Sunday, June 17, 2012

Shake Storage Layer

Summary: Shake maintains metadata as the build progresses. This metadata must remain up to date and consistent even if the process is killed. This post describes my new strategy for doing that.

Shake is an advanced build system, and in common with nearly all advanced build systems, it maintains extra metadata about rules - when the rule was last run, what the dependencies were, how long it took etc. If the metadata associated with a rule is not available, the rule must be rerun, which is often expensive. Any build system is likely to be interrupted on a regular basis - both due to failing rules (compile errors) and the user aborting a build. As a result, it is important that the metadata is robustly stored to disk as soon as it is produced.

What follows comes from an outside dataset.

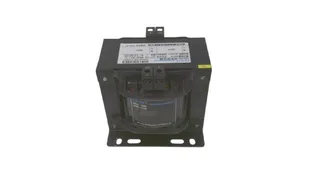 Chint NDK-500VA 380/220V — Transformers (image 4)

In this post, I outline the old solution to maintaining metadata, along with the new solution available in shake-0.3, which I just released. The new solution has a number of benefits:

  • Reduces time loading/saving metadata by up to 75%. In practice this is unlikely to make a significant difference unless no rules need running.
  • Exceptions at any point will not cause file handles to be left open.
  • Previously there were very small windows where if the process died suddenly all metadata would be corrupted. These have been eliminated.
  • I removed all knowledge of the build system from the storage layer, making it properly decoupled.

Most of these improvements have been driven by people using Shake in new ways. When used as a replacement for Make, with one invocation per run, many of these issues are theoretical. Now people are running Shake in background threads and forcibly killing and restarting it on a regular basis, these issues can be observed in practice. However, the improvements will benefit everyone.

The Old Solution

The old solution has remained basically the same since the very first version of Shake, over three years ago. Shake maintains two files - the database contains the metadata, while the journal contains a list of metadata updates that can be appended to. The sequence of steps is:

  • Load the database
  • If the journal exists then:
    • Replay the journal into the database
    • Save the database
    • Delete the journal
  • Run the build, storing any updates to the journal
  • Save the database
  • Delete the journal

This solution works well, but has a couple of flaws. Whenever we save the database, if it gets corrupted half-way through, we lose the entire database, causing the build to start from scratch. Another problem is that if we are building nothing, we read in all the metadata, then write it all out again with only one single modification (incrementing the build time step). Since serialisation takes 3x longer than deserialisation (in benchmarks on the Shake metadata) about 75% of the time associated with the metadata is wasted. Even when we have made many updates, the data is already stored in the journal, so rewriting the database is not strictly necessary.

The New Solution

The new solution keeps a single database, containing a list of key/value pairs, which can be appended to. At certain points a backup file is made, simply a copy of an existing database. The sequence of steps is:

  • If the backup file exists, delete the database and use the backup file
  • Read all records from the database
  • Put the records into a Map
  • If the Map is significantly smaller than the number of records then
    • Rename the database to the backup
    • Resave the database
    • Delete the backup
  • Run the build, storing any updates to the database

In this method we never save the data after a successful run, but just close the file handles. The database accumulates key/value pairs, but only the last value associated with any key in the database is useful - earlier values are ignored. At some point the database will contain a significant number of keys that are no longer useful, and at that point we rewrite the database, taking care to make a backup before starting.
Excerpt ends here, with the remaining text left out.